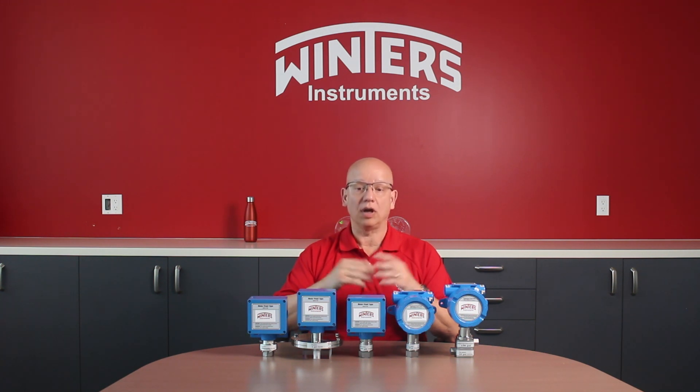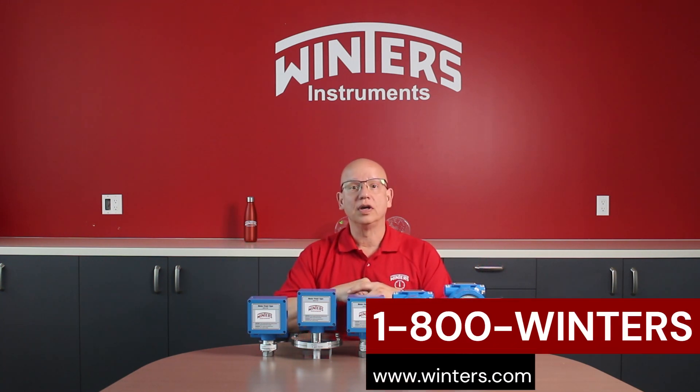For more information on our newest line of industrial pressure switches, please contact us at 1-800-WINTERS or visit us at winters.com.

------------

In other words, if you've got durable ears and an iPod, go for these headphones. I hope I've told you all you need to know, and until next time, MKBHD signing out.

------------

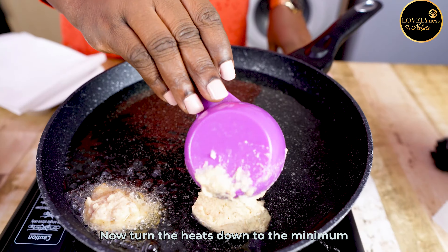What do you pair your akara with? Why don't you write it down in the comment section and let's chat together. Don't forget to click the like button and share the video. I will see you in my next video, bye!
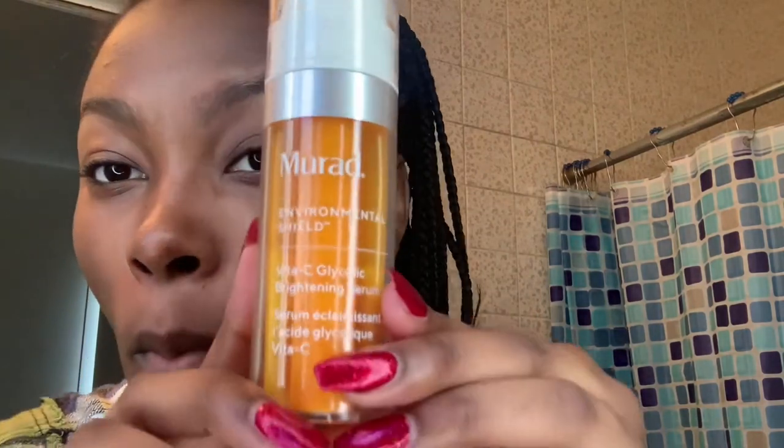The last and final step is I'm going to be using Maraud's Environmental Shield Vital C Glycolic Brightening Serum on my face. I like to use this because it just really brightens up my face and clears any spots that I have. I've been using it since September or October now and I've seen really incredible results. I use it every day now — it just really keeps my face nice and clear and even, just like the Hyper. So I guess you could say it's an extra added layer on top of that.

------------

## WHAT THE EXERCISE ASKS:
Nothing but the lines above from the one that has "What do you" down to the one that has "The last and" belongs in the answer, copied exactly, without pictures.

## ANSWER TO THIS EXERCISE:
What do you pair your akara with? Why don't you write it down in the comment section and let's chat together. Don't forget to click the like button and share the video. I will see you in my next video, bye!
The last and final step is I'm going to be using Maraud's Environmental Shield Vital C Glycolic Brightening Serum on my face. I like to use this because it just really brightens up my face and clears any spots that I have. I've been using it since September or October now and I've seen really incredible results. I use it every day now — it just really keeps my face nice and clear and even, just like the Hyper. So I guess you could say it's an extra added layer on top of that.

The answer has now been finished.